To tap into growing demand for electric cars, Porsche is spending a billion euros ($1.2 billion) to overhaul its main Stuttgart plant and build its first battery-only model - the four-door Mission E saloon which is due on the market in 2019.
Battery-only vehicles could account for a quarter of Porsche's sales by 2025, give or take 5 to 10 percentage points, Blume said, contradicting a media report that said up to half of its output by 2023-24 could be electric.
Earlier this month, Geely's Volvo said all its cars launched after 2019 would be electric or hybrids, making it the first major traditional carmaker to set a date for phasing out vehicles power solely by combustion engines.
Porsche and Audi, which together contribute 60 percent of VW's profits, are targeting "significant savings" in development and material costs for their electric-car programmes by sharing a new production platform code-named PPE, Blume said.
The new architecture will allow both brands to save money by sharing components and modules, helping Porsche with a goal of keeping its return on sales at about 15 percent a year, he said.
"Further platforms are conceivable, for instance with SUVs."
Porsche sales rose 6 percent to a record 238,000 cars in 2016 and Blume said the carmaker had a guideline for increasing its sales about 5 percent per year through 2025.
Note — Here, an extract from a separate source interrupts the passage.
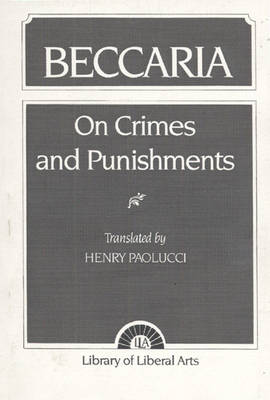 Beccaria: On Crime and Punishments (Paperback)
Counting on growing demand for high-end electric cars, Porsche may spawn another zero-emission model off the Mission E platform, for which it plans an initial capacity of about 20,000 cars at its Zuffenhausen factory, Blume said. An electrified version of the top-selling Macan SUV is also possible.
"We expect the metropolises in China and Asia will switch to pure electric mobility very fast," the CEO said. "I believe there will be few pure combustion engines to be seen in the large cities there in five years time. The development in rural areas will, however, proceed much more slowly."